What are job arrays?
A resource manager or scheduler that support job arrays typically exposes a task identifier to the job script as an environment variable. This is simply a number out of a range specified when the job is submitted.
For the resource managers and schedulers supported by atools, that would
be
PBS_ARRAYIDfor PBS torque,MOAB_JOBARRAYINDEXfor Adaptive's Moab,SGE_TASKIDfor SUN Grid Engine (SGE), andSLURM_ARRAY_TASK_IDfor Slurm workload manager.
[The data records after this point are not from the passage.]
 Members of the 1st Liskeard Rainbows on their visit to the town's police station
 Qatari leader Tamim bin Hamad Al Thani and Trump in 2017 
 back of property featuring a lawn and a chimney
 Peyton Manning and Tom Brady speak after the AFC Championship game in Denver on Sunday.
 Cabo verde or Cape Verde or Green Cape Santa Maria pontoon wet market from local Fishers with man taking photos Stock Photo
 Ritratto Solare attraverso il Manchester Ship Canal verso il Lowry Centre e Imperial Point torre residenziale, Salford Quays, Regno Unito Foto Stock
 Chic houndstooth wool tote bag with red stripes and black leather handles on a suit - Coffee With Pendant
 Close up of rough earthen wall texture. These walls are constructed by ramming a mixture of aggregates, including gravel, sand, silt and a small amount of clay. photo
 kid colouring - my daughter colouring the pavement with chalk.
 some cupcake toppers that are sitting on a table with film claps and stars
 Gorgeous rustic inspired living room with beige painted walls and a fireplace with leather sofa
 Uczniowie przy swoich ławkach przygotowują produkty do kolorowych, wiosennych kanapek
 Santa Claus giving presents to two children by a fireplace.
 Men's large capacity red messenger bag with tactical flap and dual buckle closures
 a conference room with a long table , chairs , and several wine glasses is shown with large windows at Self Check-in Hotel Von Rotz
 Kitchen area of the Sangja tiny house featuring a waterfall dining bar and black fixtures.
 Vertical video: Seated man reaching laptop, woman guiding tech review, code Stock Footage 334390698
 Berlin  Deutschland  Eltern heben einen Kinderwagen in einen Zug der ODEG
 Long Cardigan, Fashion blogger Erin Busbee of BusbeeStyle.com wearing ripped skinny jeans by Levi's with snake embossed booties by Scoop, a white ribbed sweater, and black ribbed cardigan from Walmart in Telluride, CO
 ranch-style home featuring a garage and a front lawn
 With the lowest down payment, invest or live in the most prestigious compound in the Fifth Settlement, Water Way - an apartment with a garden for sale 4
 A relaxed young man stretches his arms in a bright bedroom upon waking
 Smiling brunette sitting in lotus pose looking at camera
Typically, this task identifier is then use to determine, e.g., the specific input file for this task in the Slurm job script:
...
INPUT_FILE="input-${SLURM_ARRAY_TASK_ID}.csv"
...
Similarly, for a PBS Torque job script:
...
INPUT_FILE="input-${PBS_ARRAYID}.csv"
...
Submitting arrays jobs is quite simple. For each of the supported queue
systems and schedulers, one simply adds the -t <int-range> options to
the submission command, qsub for PBS torque, SUN grid engine, msub
for Moab and --array=<int-range> to sbatch for Slurm, e.g., for Slurm:
$ sbatch --array=1-250 jobscript.slurm
Similarly, for PBS torque:
$ qsub -t 1-250 jobscript.pbs
The submission command above would create a job array of 250 tasks, and
for each the SLURM_ARRAY_TASK_ID or the PBS_ARRAYID environment variable
would be assigned a unique value between 1 and 250, inclusive.
Although job arrays provide sufficient features for simple scenarios, it
quickly becomes a nuisance for more sophisticated problems, especially in
parameter exploration type computations. atools aims to eliminate as
much as possible of the boiler plate code you have to write over and over
again.